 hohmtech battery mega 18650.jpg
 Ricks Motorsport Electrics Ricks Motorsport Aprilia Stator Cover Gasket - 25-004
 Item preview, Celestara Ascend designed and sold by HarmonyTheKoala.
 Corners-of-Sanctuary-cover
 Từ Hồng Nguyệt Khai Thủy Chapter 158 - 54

● ● ● ●

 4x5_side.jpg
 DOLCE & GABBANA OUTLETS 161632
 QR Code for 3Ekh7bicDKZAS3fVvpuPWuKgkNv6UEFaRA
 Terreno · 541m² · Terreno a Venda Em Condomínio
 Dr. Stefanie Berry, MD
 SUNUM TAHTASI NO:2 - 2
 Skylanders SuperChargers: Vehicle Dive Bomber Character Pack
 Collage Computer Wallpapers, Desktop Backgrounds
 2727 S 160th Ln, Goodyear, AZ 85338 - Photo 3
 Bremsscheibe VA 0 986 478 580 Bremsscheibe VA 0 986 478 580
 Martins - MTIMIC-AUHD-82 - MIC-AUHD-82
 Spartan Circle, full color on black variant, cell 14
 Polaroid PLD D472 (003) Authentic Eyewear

● ● ● ●

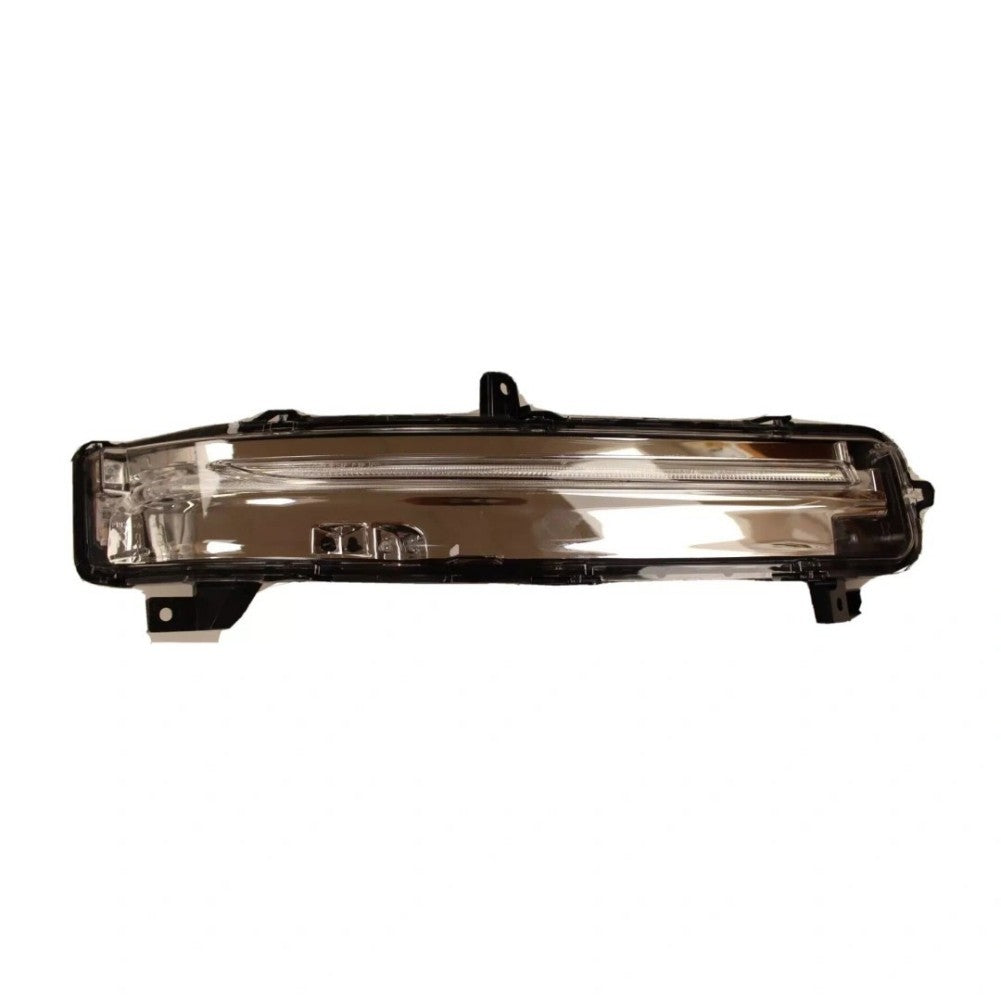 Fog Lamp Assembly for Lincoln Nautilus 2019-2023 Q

● ● ● ●

_TASK INSTRUCTIONS_
Taking the lines above, repeat exactly those from the line that contains "QR Code for" through the line that contains "Polaroid PLD D472 (003) Authentic Eyewear", and both of those lines as well. Include nothing else.

_RESPONSE FOR THIS EXERCISE_
 QR Code for 3Ekh7bicDKZAS3fVvpuPWuKgkNv6UEFaRA
 Terreno · 541m² · Terreno a Venda Em Condomínio
 Dr. Stefanie Berry, MD
 SUNUM TAHTASI NO:2 - 2
 Skylanders SuperChargers: Vehicle Dive Bomber Character Pack
 Collage Computer Wallpapers, Desktop Backgrounds
 2727 S 160th Ln, Goodyear, AZ 85338 - Photo 3
 Bremsscheibe VA 0 986 478 580 Bremsscheibe VA 0 986 478 580
 Martins - MTIMIC-AUHD-82 - MIC-AUHD-82
 Spartan Circle, full color on black variant, cell 14
 Polaroid PLD D472 (003) Authentic Eyewear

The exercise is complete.